___ Raw data ___

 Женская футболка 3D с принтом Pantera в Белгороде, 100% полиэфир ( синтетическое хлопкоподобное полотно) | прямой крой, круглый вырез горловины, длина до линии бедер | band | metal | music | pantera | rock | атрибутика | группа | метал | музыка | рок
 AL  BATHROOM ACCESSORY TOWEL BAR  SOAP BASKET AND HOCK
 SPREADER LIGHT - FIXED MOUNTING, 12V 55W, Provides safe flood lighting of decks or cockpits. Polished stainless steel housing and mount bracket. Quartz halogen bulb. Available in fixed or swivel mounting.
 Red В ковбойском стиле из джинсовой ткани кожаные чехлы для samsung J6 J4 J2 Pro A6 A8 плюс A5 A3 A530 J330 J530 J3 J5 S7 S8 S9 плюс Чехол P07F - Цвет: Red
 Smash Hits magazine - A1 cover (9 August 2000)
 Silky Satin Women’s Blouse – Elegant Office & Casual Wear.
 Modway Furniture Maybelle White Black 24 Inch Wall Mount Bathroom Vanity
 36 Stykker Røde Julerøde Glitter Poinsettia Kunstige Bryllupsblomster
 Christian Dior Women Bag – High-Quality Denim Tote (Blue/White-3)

___
___ Raw data ___

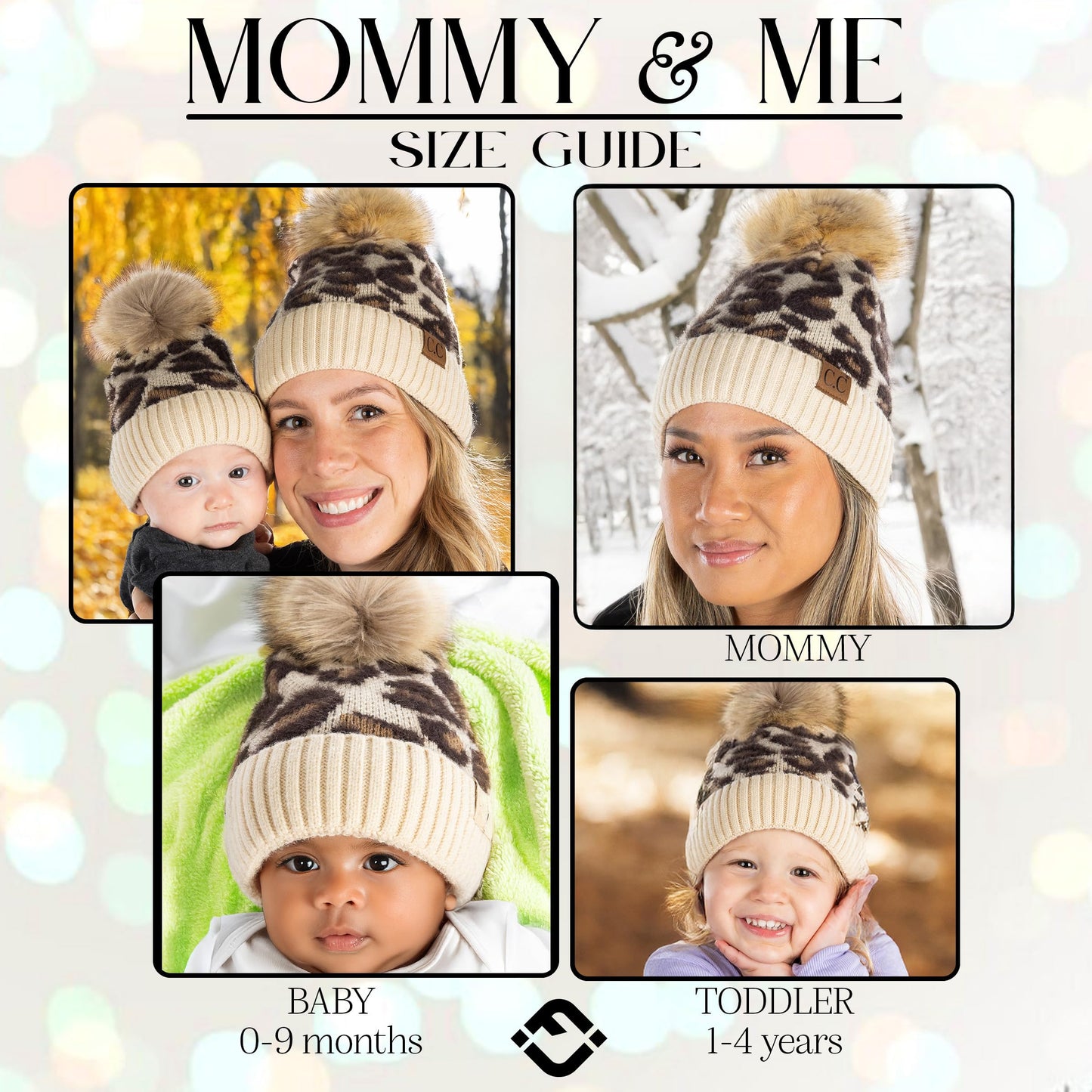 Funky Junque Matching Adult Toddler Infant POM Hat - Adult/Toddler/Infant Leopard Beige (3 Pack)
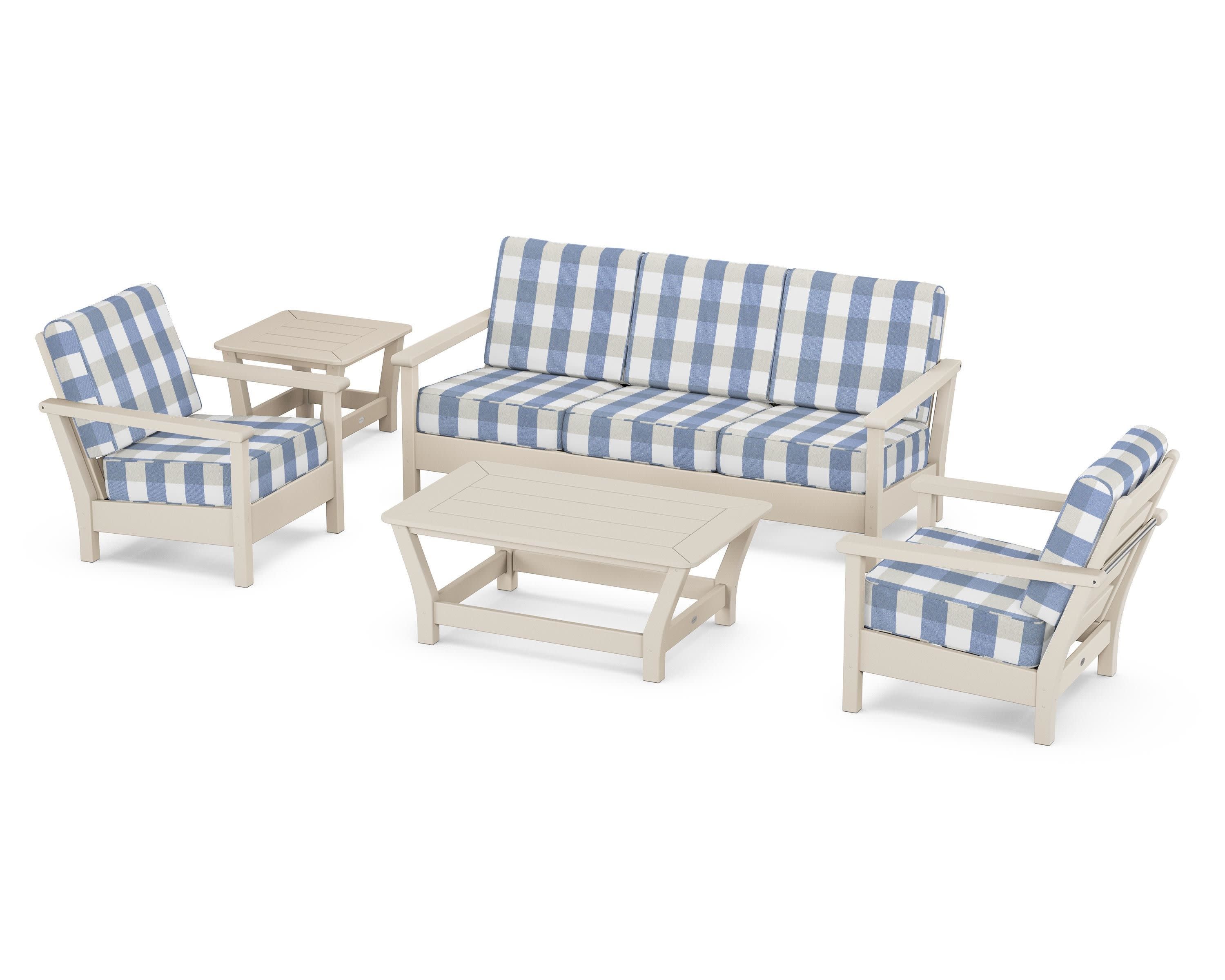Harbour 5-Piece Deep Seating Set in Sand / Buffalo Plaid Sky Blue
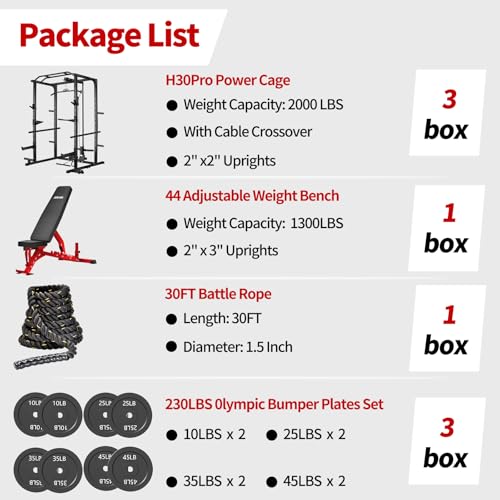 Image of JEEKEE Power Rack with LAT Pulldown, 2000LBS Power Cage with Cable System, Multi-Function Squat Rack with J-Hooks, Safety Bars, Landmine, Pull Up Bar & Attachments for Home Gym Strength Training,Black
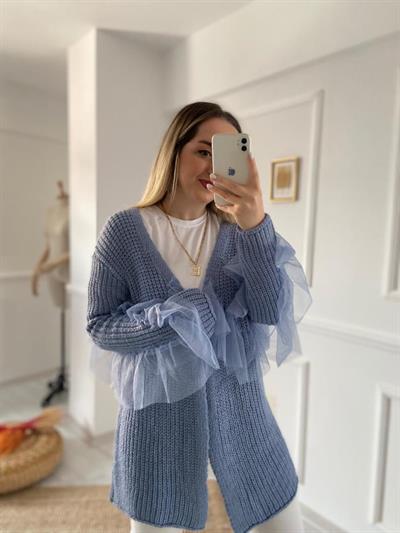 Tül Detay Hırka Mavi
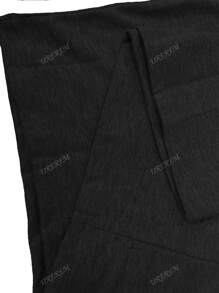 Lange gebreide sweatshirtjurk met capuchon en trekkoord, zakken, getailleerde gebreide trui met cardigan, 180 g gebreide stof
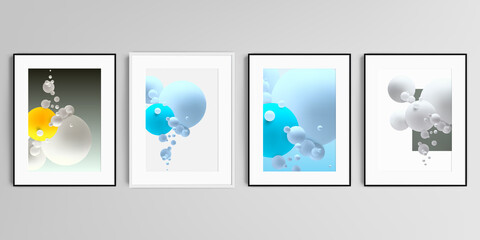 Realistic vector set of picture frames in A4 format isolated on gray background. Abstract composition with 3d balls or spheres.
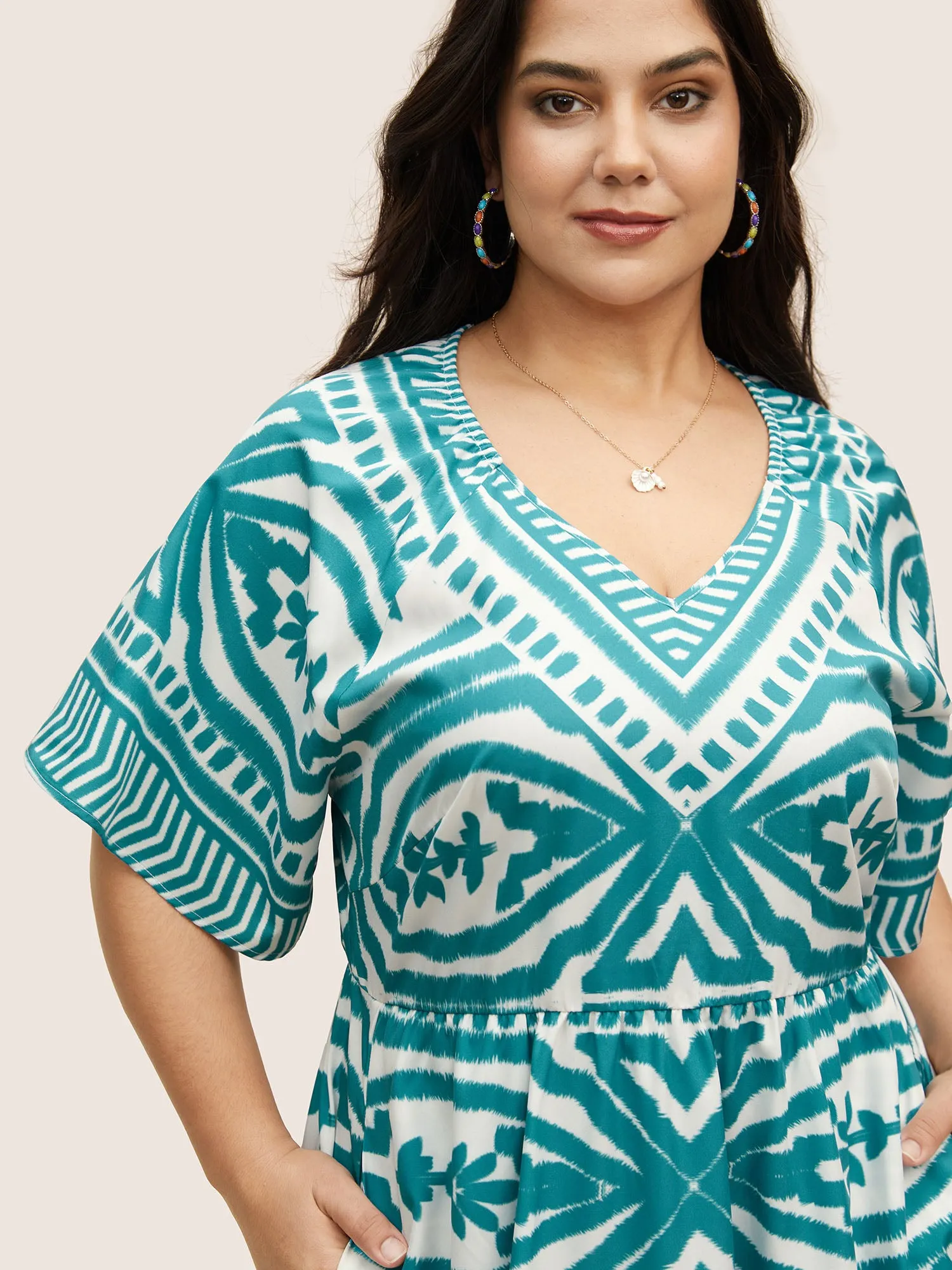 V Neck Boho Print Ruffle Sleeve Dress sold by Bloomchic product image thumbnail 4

___
___ Raw data ___

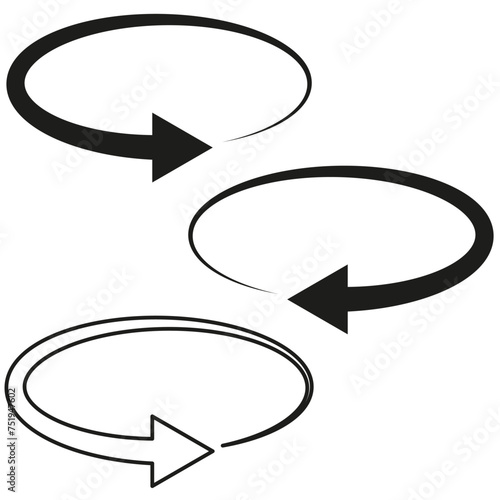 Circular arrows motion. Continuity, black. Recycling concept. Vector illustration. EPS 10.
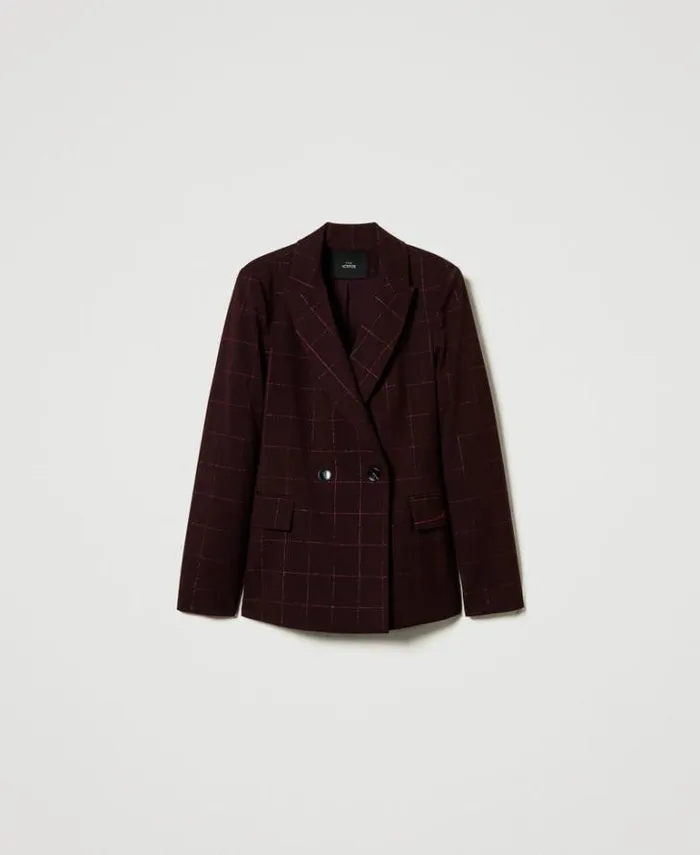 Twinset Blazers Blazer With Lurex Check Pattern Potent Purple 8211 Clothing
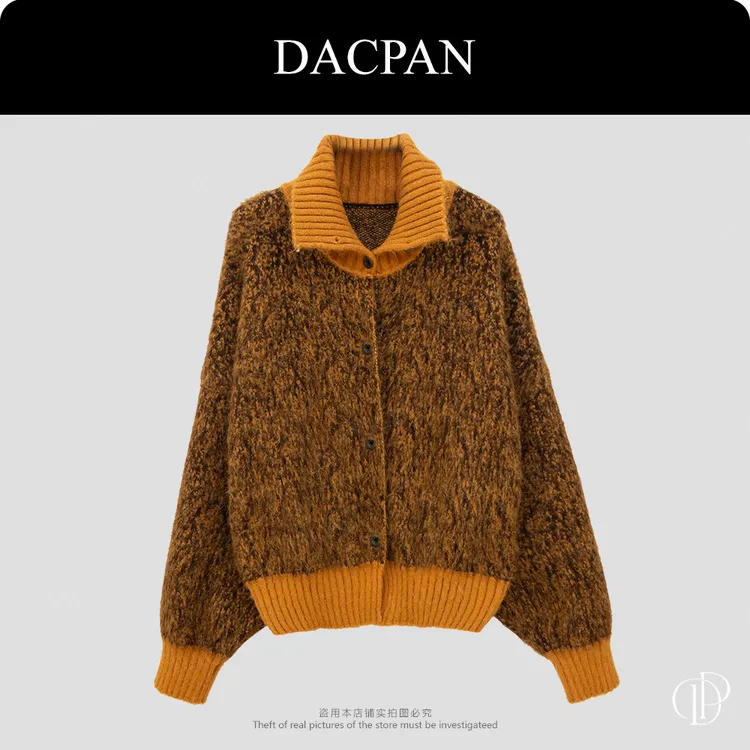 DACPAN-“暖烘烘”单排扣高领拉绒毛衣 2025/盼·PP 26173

___

Activity: Send back an exact copy of only the lines from the line with "Silky Satin Women’s" up to and including the line with "Christian Dior Women" in the data above.

Output below:
 Silky Satin Women’s Blouse – Elegant Office & Casual Wear.
 Modway Furniture Maybelle White Black 24 Inch Wall Mount Bathroom Vanity
 36 Stykker Røde Julerøde Glitter Poinsettia Kunstige Bryllupsblomster
 Christian Dior Women Bag – High-Quality Denim Tote (Blue/White-3)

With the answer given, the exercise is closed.